But before you rush into applying for a reverse mortgage, here are three mistakes to avoid:
Wasting your loan money on non-essential purchases
How you use your reverse mortgage proceeds is completely up to you, but we strongly advise you to use your loan proceeds wisely. Try to resist spending your home equity (that you’ve built up over decades) on impulse purchases, and use it for essential purchases or as a “rainy day fund.”
Not paying your property taxes and homeowner’s insurance
In the past, some borrowers spent their life savings and reverse mortgage proceeds, leaving nothing left to pay their property taxes and homeowners insurance. This caused the reverse mortgage balance to become due and payable.

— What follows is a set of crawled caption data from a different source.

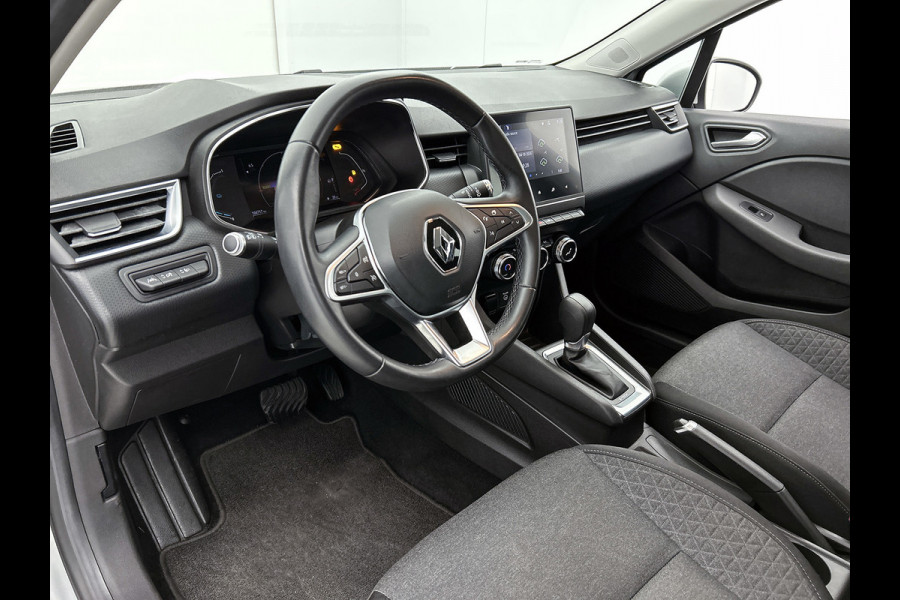 Renault Clio 1.6 E-Tech Hybrid 140 Initiale Paris(Perfect OndH, Navi, Parkeersens, Lane Assist, Carplay, Climate Con, Cruise, Etc)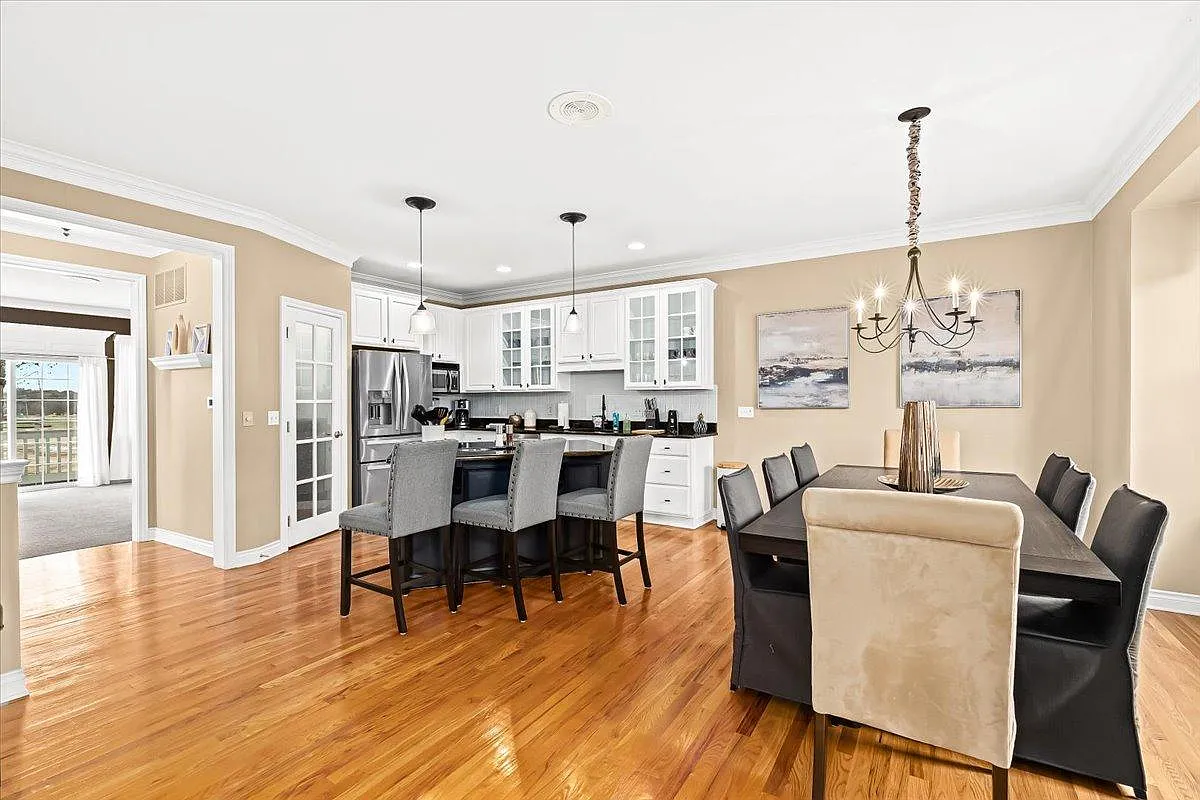 1615 Town Commons Dr — Photo 3
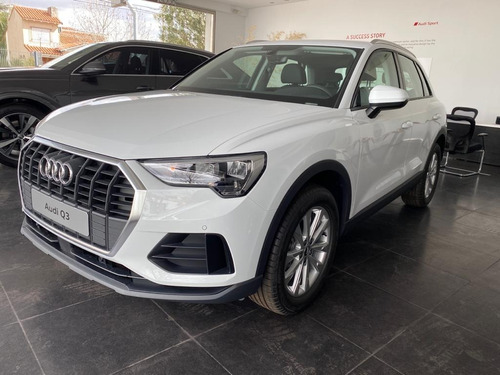 Audi Q3 1.4 35tfsi 150 Cv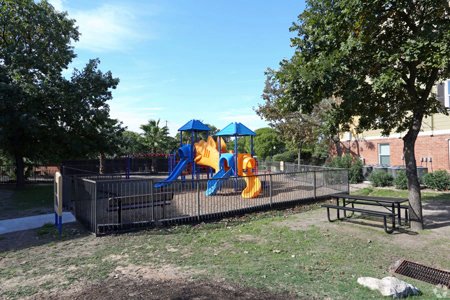 Silver-Springs-Apartment-HomesB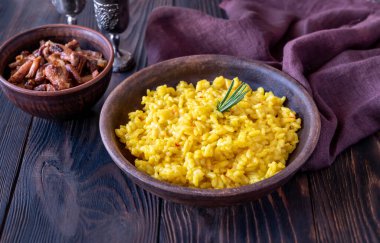 Kızarmış tavuklu safran risotto porsiyonu.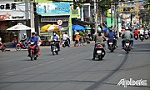Dân ra đường đông hơn, một số còn lơ là trong phòng dịch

Due to recent regulations, reverse mortgage lenders are now required to conduct financial assessments to ensure applicants can successfully tap into their home equity while also being able to afford taxes and insurance. You should be confident that you can stay current and up-to-date on taxes and insurance before you take out a reverse mortgage.
Not telling your family about your reverse mortgage
As with all financial decisions, reverse mortgages should be carefully considered. Because a reverse mortgage loan balance becomes due after the last surviving borrower passes away, it can be an unpleasant surprise to learn that their parents’ reverse mortgage is now due and payable.
By speaking with loved ones about your reverse mortgage plans, you can help avoid misunderstandings and give heirs time to plan whether to refinance and keep the home or sell it and repay the reverse mortgage upon your death.
Reverse mortgages offer many benefits, but must be researched carefully
Taking out a reverse mortgage can be an effective retirement strategy, particularly for supplementing retirement savings or preparing for unexpected costs.
But you should research reverse mortgages before applying for one, and discuss your plans with your family members . This can help you decide if a reverse mortgage is the right step for your unique situation.